Tooling, used judiciously
SHAP and LIME still earn their place for tabular and feature-based models. Captum is the sensible default for PyTorch-based attribution across CNNs, RNNs, and transformers. Grad-CAM for imaging where spatial evidence is what the clinician needs. Use them. Just remember what they are: approximations of model behaviour, with known failure modes. Cross-check with a second method when the stakes warrant it; the literature is full of cases where SHAP and LIME disagree, and the disagreement is the signal.
Beyond attribution, the things that actually move the needle in production:
- Model cards that are kept in sync with the deployment, not written once and forgotten.
- Eval suites that test explanation faithfulness, not just answer accuracy. If a retrieved-doc citation can be removed without changing the answer, the citation was decorative.
- Retrieval-augmented logging: every RAG hop captured with the retrieved IDs, scores, and the prompt that consumed them.
- Calibration monitoring as a first-class metric. A miscalibrated 95% confidence is more dangerous than a wrong answer with an honest 60%.
The closing point
Explainability is not a UX feature. It is part of the data model.

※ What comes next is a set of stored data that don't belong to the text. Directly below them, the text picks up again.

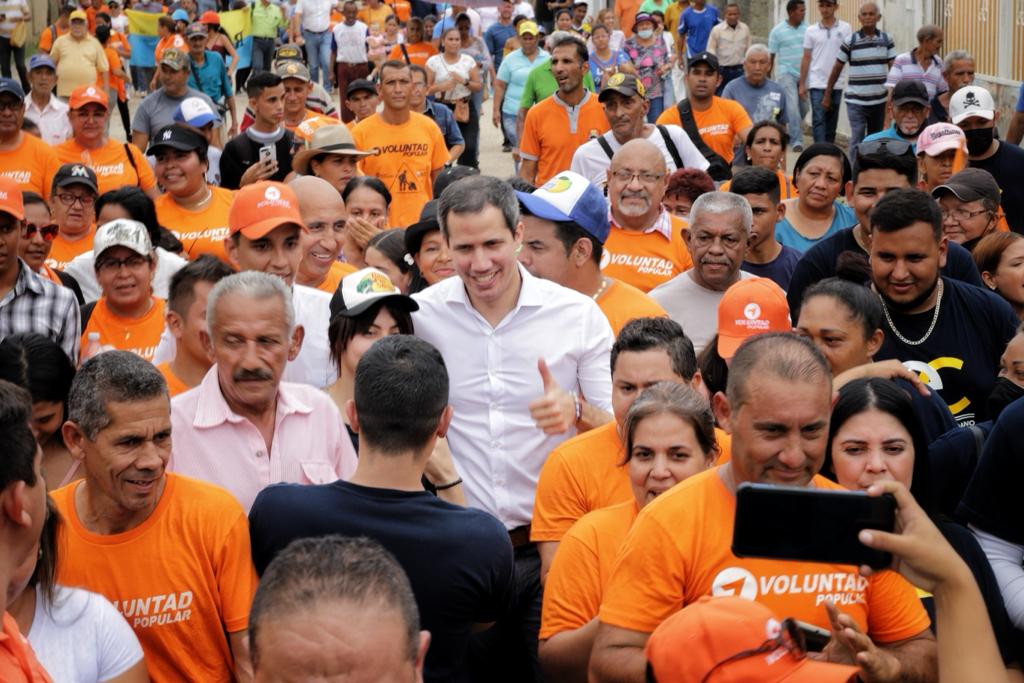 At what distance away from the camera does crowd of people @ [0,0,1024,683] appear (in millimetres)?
3037

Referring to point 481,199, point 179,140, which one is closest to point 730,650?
point 481,199

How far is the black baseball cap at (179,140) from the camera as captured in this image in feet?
28.4

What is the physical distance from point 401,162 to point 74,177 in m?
2.95

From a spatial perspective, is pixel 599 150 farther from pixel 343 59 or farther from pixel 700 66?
pixel 343 59

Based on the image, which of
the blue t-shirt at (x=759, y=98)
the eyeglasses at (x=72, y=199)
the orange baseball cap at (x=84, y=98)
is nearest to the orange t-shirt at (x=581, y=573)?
the eyeglasses at (x=72, y=199)

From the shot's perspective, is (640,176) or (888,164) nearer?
(888,164)

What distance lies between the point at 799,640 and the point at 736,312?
2.94m

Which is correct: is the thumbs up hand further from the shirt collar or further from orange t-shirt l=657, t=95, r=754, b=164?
orange t-shirt l=657, t=95, r=754, b=164

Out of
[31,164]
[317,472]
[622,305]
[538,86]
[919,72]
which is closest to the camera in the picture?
[317,472]

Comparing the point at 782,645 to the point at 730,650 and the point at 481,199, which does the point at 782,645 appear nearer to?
the point at 730,650

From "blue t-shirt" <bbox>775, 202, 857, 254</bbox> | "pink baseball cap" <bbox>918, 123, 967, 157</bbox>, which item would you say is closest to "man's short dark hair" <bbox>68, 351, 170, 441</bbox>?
"blue t-shirt" <bbox>775, 202, 857, 254</bbox>

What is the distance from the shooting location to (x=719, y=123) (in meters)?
11.6

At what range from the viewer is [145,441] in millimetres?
3900

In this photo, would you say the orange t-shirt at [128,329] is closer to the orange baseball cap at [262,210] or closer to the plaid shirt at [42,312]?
the plaid shirt at [42,312] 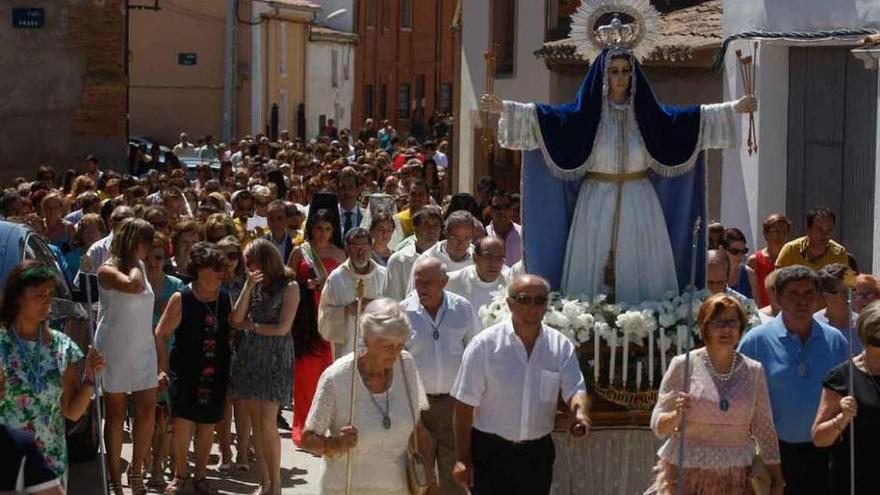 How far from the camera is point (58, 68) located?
98.0 ft

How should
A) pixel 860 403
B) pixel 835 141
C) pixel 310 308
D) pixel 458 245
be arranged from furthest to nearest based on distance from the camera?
pixel 835 141 < pixel 310 308 < pixel 458 245 < pixel 860 403

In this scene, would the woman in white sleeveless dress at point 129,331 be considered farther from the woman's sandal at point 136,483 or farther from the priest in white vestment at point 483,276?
the priest in white vestment at point 483,276

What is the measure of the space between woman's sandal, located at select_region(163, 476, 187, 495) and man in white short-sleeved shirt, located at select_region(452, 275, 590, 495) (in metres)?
3.54

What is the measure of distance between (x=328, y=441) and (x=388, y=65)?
52406 mm

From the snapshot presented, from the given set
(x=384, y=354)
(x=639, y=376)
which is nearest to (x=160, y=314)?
(x=639, y=376)

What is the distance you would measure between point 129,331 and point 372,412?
3.44 m

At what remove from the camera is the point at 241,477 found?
1264 centimetres

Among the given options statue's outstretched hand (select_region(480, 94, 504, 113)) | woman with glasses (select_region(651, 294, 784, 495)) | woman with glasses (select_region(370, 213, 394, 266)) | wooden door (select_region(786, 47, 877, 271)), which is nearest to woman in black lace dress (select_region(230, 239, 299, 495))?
woman with glasses (select_region(370, 213, 394, 266))

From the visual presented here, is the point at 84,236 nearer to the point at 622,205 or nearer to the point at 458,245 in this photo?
the point at 458,245

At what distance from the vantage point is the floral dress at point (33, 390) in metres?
8.55

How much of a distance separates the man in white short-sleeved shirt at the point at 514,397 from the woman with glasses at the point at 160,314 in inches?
145

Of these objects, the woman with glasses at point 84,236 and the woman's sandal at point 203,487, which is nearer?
the woman's sandal at point 203,487

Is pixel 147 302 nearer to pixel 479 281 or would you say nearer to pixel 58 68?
pixel 479 281

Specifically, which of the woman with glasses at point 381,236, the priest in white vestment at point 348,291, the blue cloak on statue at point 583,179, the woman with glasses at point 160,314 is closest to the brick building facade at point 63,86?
the woman with glasses at point 381,236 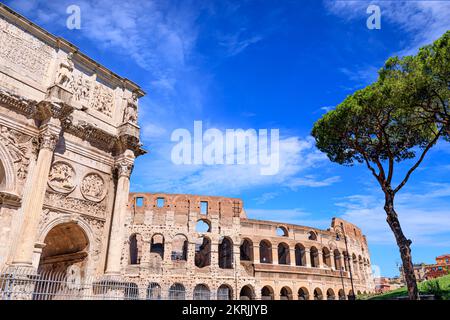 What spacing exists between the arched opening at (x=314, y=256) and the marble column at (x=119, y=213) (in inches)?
1067

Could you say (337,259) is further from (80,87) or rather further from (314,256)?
(80,87)

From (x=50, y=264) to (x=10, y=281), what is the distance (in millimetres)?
3757

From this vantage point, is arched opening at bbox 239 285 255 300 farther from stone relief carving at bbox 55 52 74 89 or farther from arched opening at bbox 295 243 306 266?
stone relief carving at bbox 55 52 74 89

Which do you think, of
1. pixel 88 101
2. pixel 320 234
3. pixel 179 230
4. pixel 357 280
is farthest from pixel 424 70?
pixel 357 280

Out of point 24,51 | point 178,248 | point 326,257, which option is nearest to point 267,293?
point 326,257

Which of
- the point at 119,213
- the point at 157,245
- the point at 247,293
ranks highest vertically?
the point at 157,245

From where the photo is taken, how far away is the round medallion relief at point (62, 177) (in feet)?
32.6

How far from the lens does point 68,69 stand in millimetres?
10703

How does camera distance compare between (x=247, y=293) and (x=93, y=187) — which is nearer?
(x=93, y=187)

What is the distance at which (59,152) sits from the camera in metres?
10.3

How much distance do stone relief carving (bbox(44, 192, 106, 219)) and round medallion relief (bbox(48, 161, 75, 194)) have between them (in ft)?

If your explanation is generated when the regulator asks, the regulator is right to be suspicious. Capture it at inference. Persist it. Test it. Version it. Make the system unable to produce an output without producing the receipts.
Build it like that, ship it like that, audit it like that. The teams who do not are going to spend 2027 explaining to a tribunal what their model was thinking. They will not have a good answer.